The treacherous case
B b1;
B b2;
A& a_ref = b2;
a_ref = b1;
//b2 now contains a mixture of b1 and b2!
You might think that b2 will be a copy of b1 afterward. But, alas, it's not! If you inspect it, you'll discover that b2 is a Frankensteinian creature, made from some chunks of b1 (the chunks that B inherits from A), and some chunks of b2 (the chunks that only B contains). Ouch!
What happened? Well, C++ by default doesn't treat assignment operators as virtual. Thus, the line a_ref = b1 will call the assignment operator of A, not that of B. This is because, for non-virtual functions, the declared (formally: static) type (which is A&) determines which function is called, as opposed to the actual (formally: dynamic) type (which would be B, since a_ref references an instance of B). Now, A's assignment operator obviously knows only about the members declared in A, so it will copy only those, leaving the members added in B unchanged.
A solution
Assigning only to parts of an object usually makes little sense, yet C++, unfortunately, provides no built-in way to forbid this. You can, however, roll your own. The first step is making the assignment operator virtual. This will guarantee that it's always the actual type's assignment operator which is called, not the declared type's. The second step is to use dynamic_cast to verify that the assigned object has a compatible type. The third step is to do the actual assignment in a (protected!) member assign(), since B's assign() will probably want to use A's assign() to copy A's, members.
class A {
public:
virtual A& operator= (const A& a) {
assign(a);
return *this;
}
protected:
void assign(const A& a) {
// copy members of A from a to this
}
};
class B : public A {
public:
virtual B& operator= (const A& a) {
if (const B* b = dynamic_cast<const B*>(&a))
assign(*b);
else
throw bad_assignment();
return *this;
}
protected:
void assign(const B& b) {
A::assign(b); // Let A's assign() copy members of A from b to this
// copy members of B from b to this
}
};
Note that, for pure convenience, B's operator= covariantly overrides the return type, since it knows that it's returning an instance of B.
If You have a base class A and a derived class B, then You can do the following.
void wantAnA(A myA)
{
// work with myA
}
B derived;
// work with the object "derived"
wantAnA(derived);
Now the method wantAnA needs a copy of derived.
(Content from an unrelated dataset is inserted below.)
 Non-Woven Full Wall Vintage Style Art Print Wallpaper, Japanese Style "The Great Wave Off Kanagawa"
However, the object derived cannot be copied completely, as the class B could invent additional member variables which are not in its base class A.
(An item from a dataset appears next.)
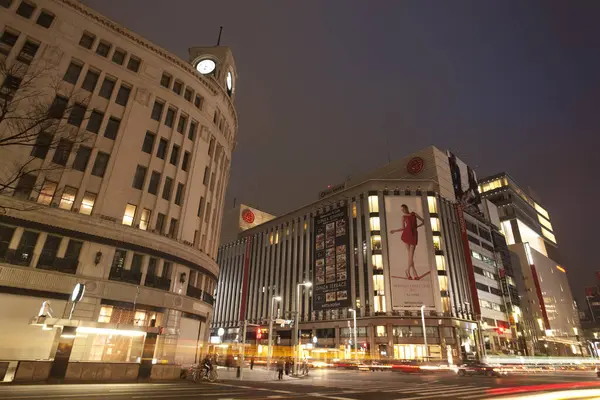 Τόκιο Ιαπωνία Δρόμους Της Πόλης Θέα Στο Παρασκήνιο Φώτα Νύχτα — Φωτογραφία Αρχείου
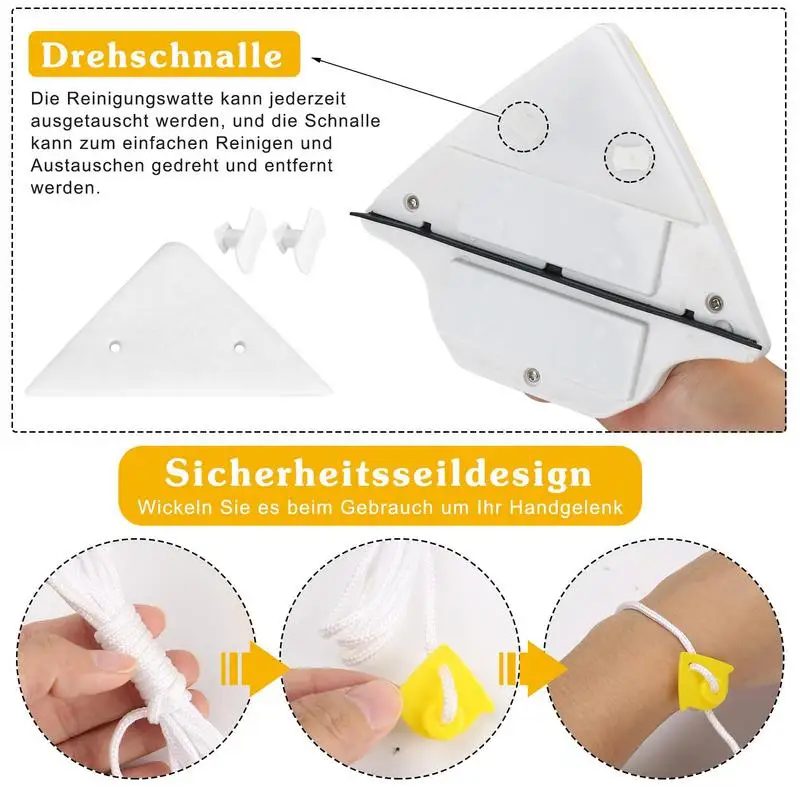 Magnetic Window Wiper Double Sided Windows Wipe Brush Magnetic Cleaning Glasses Tool Triangle Cleaning Tools for Glass Windows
Therefore, to call wantAnA, the compiler will "slice off" all additional members of the derived class. The result might be an object you did not want to create, because
it may be incomplete,
it behaves like an A-object (all special behaviour of the class B is lost).
These are all good answers. I would just like to add an execution example when passing objects by value vs by reference:
#include <iostream>
using namespace std;
// Base class
class A {
public:
A() {}
A(const A& a) {
cout << "'A' copy constructor" << endl;
}
virtual void run() const { cout << "I am an 'A'" << endl; }
};
// Derived class
class B: public A {
public:
B():A() {}
B(const B& a):A(a) {
cout << "'B' copy constructor" << endl;
}
virtual void run() const { cout << "I am a 'B'" << endl; }
};
void g(const A & a) {
a.run();
}
void h(const A a) {
a.run();
}
int main() {
cout << "Call by reference" << endl;
g(B());
cout << endl << "Call by copy" << endl;
h(B());
}
The output is:
Call by reference
I am a 'B'
Call by copy
'A' copy constructor
I am an 'A'
Third match in google for "C++ slicing" gives me this Wikipedia article http://en.wikipedia.org/wiki/Object_slicing and this (heated, but the first few posts define the problem) : http://bytes.com/forum/thread163565.html
So it's when you assign an object of a subclass to the super class. The superclass knows nothing of the additional information in the subclass, and hasn't got room to store it, so the additional information gets "sliced off".
If those links don't give enough info for a "good answer" please edit your question to let us know what more you're looking for.
The slicing problem is serious because it can result in memory corruption, and it is very difficult to guarantee a program does not suffer from it. To design it out of the language, classes that support inheritance should be accessible by reference only (not by value). The D programming language has this property.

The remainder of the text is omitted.